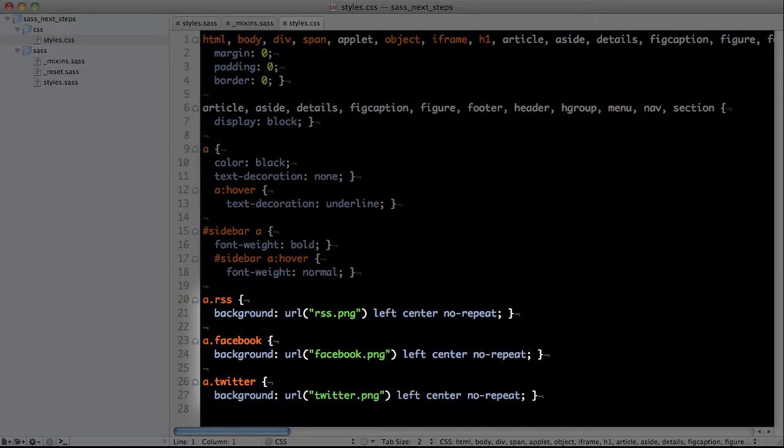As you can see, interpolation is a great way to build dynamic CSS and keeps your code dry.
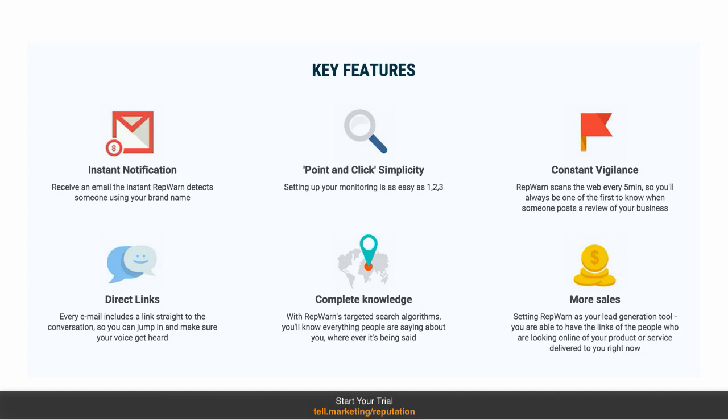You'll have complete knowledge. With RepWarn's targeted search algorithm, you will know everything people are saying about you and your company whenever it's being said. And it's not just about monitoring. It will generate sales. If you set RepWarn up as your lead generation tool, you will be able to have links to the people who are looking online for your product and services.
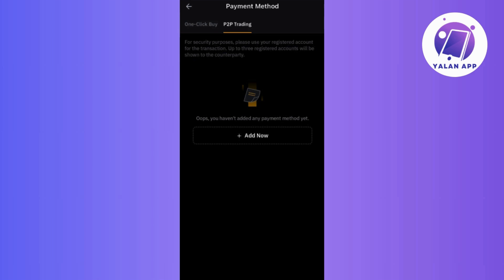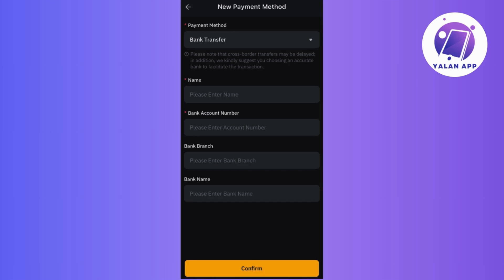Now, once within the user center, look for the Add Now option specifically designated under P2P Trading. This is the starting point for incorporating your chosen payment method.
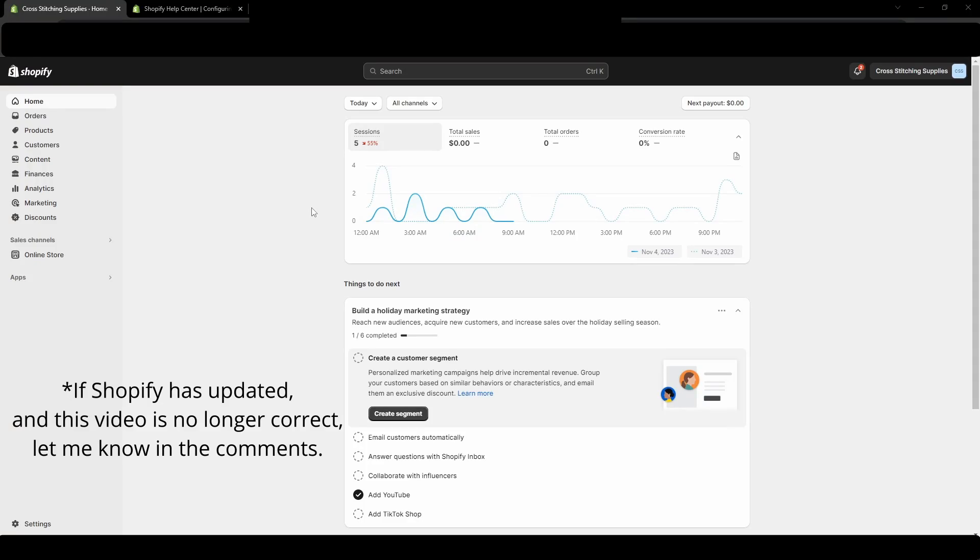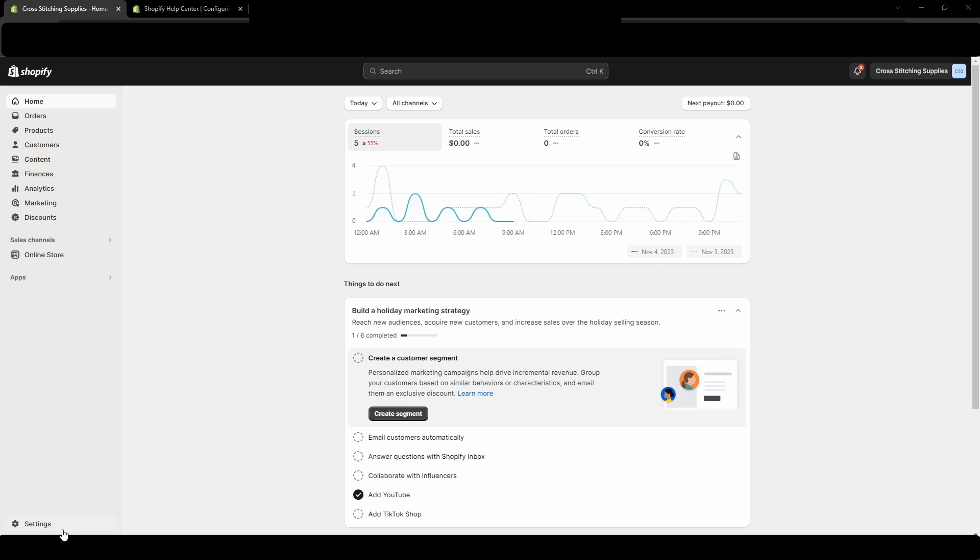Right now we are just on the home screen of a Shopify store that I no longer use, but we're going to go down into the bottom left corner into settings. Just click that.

--

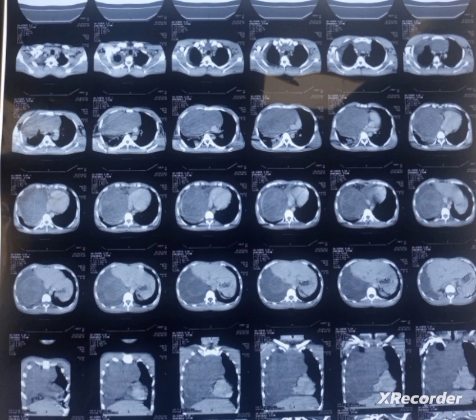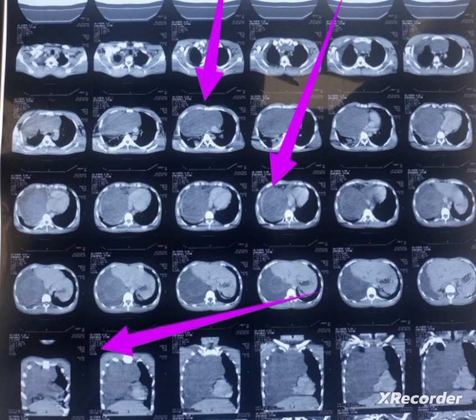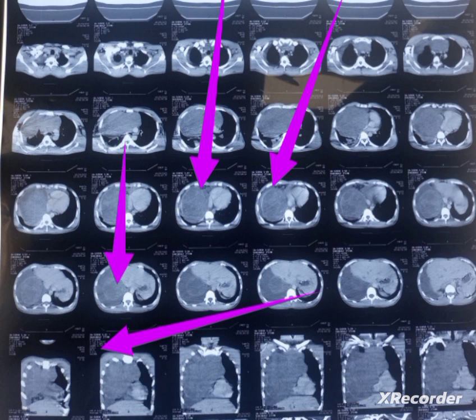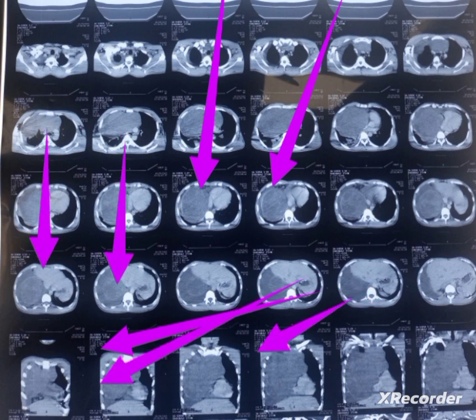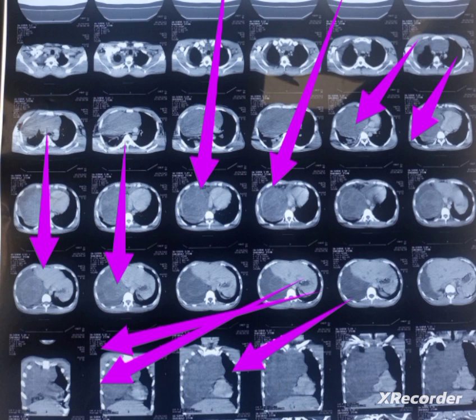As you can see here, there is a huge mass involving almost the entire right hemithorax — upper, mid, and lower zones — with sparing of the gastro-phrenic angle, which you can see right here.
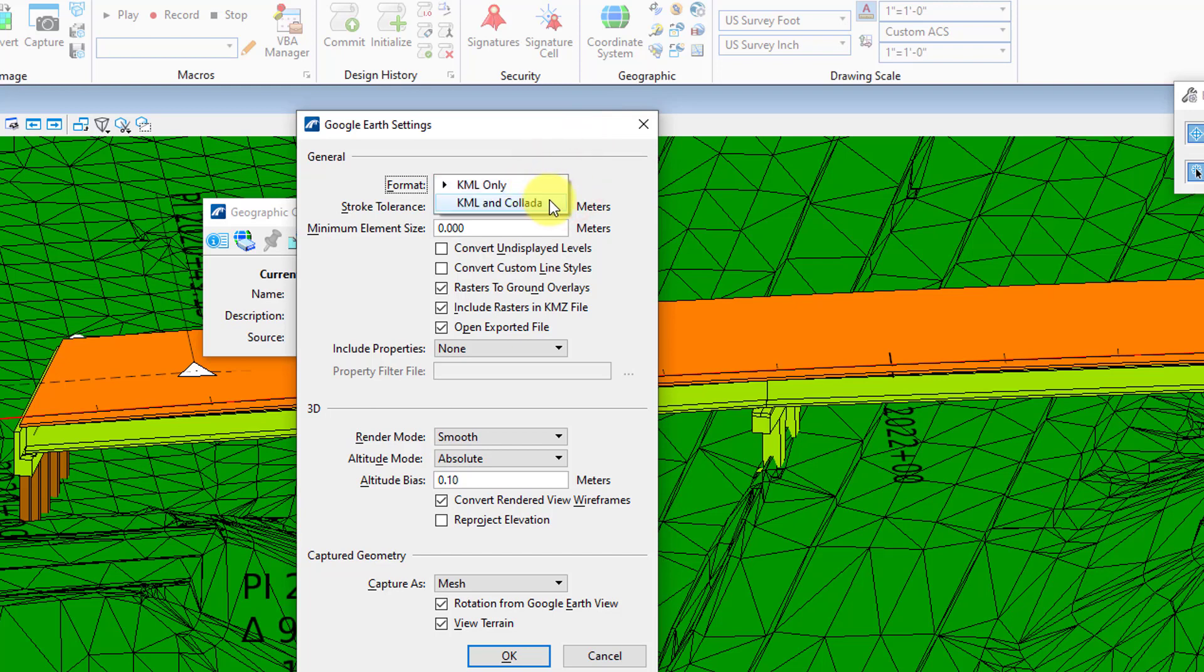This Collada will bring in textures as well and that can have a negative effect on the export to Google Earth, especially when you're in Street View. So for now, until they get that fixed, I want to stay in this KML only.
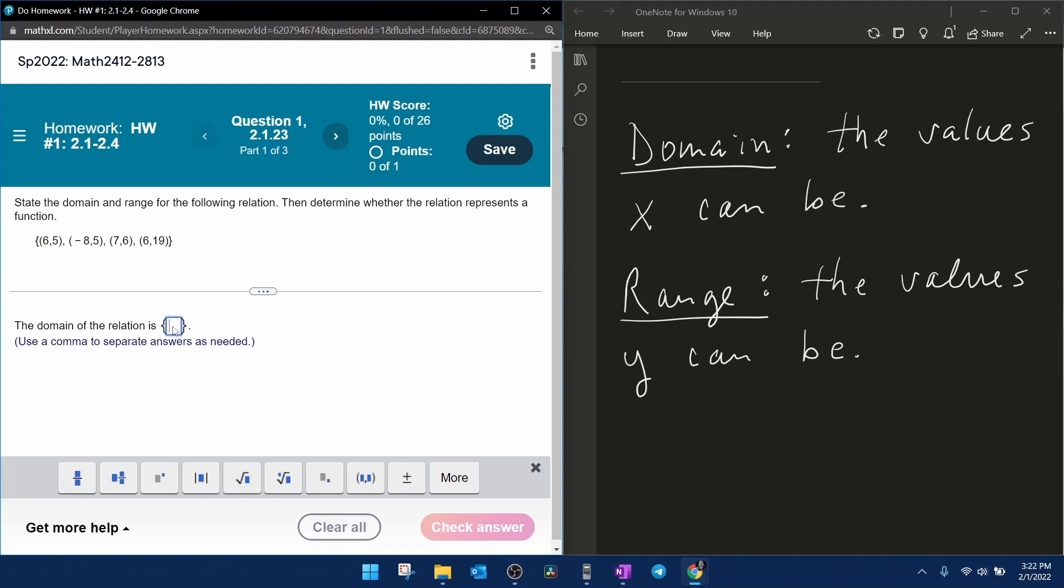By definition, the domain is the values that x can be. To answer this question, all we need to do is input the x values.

...

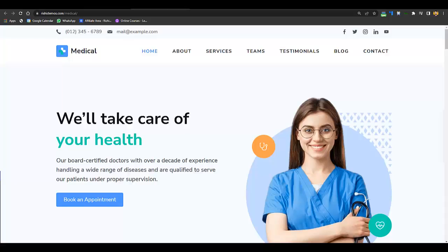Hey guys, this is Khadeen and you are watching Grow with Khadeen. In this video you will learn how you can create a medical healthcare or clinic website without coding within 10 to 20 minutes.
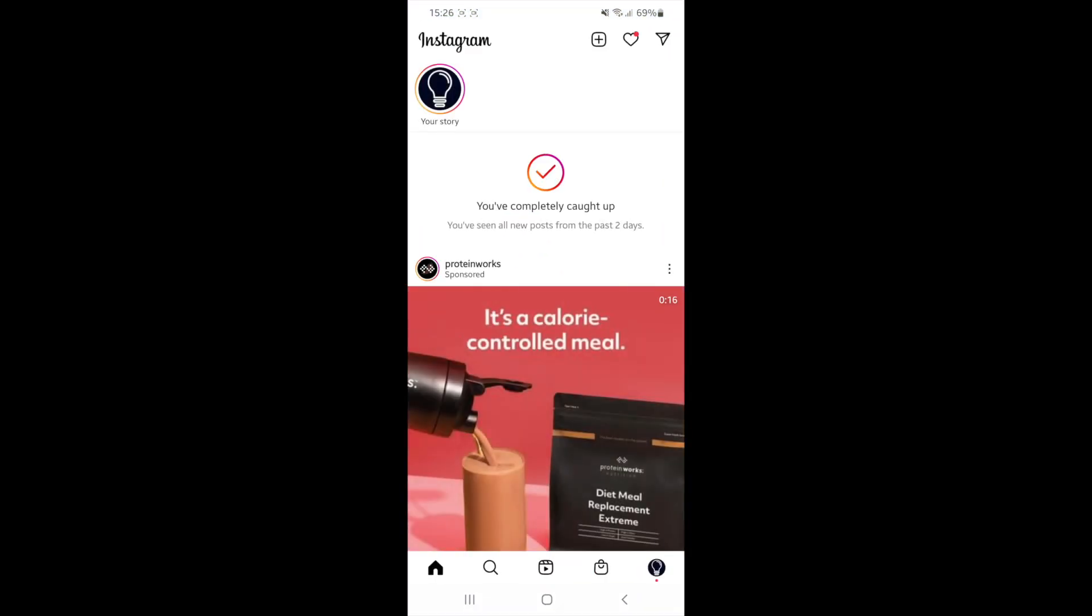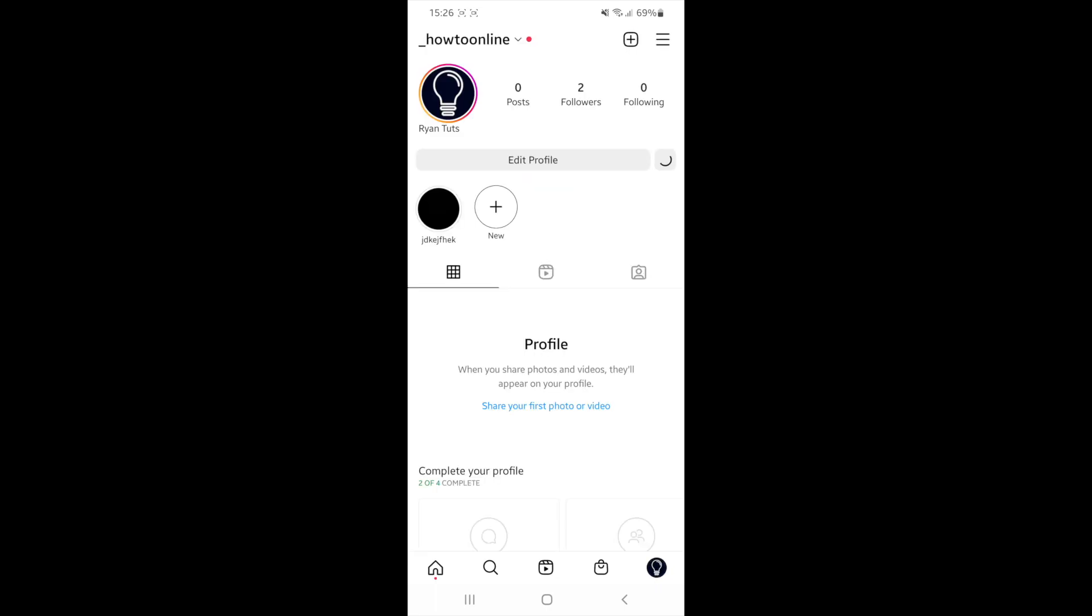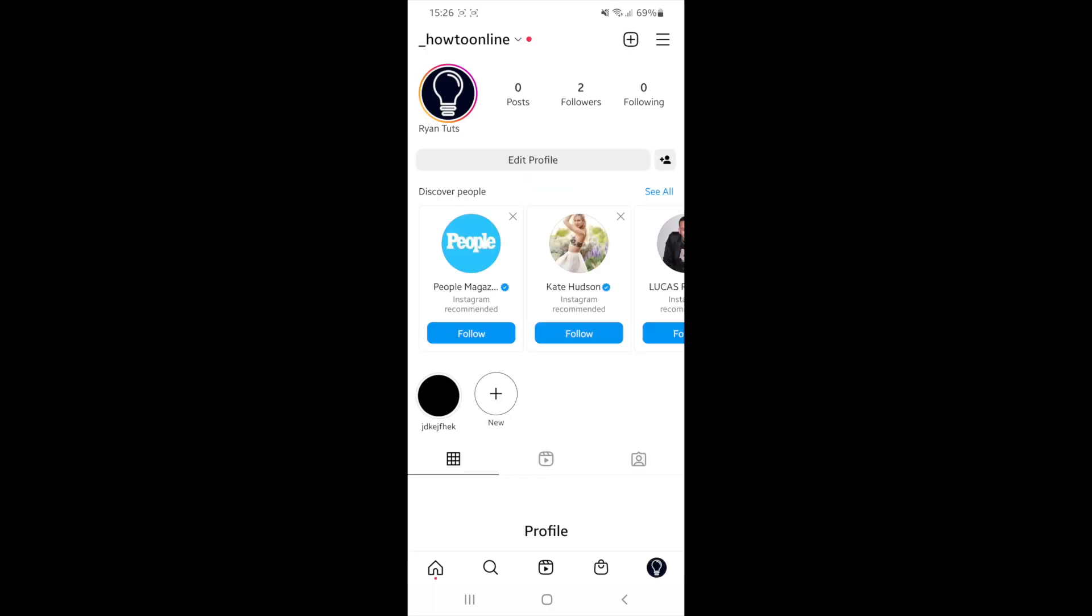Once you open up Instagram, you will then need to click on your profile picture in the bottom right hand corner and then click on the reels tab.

• [Task] Going by the data above, the answer is exactly the lines from the one holding "This Collada will" to the one holding "By definition, the", both kept, with the pictures left out.

• [The answer]
This Collada will bring in textures as well and that can have a negative effect on the export to Google Earth, especially when you're in Street View. So for now, until they get that fixed, I want to stay in this KML only.
By definition, the domain is the values that x can be. To answer this question, all we need to do is input the x values.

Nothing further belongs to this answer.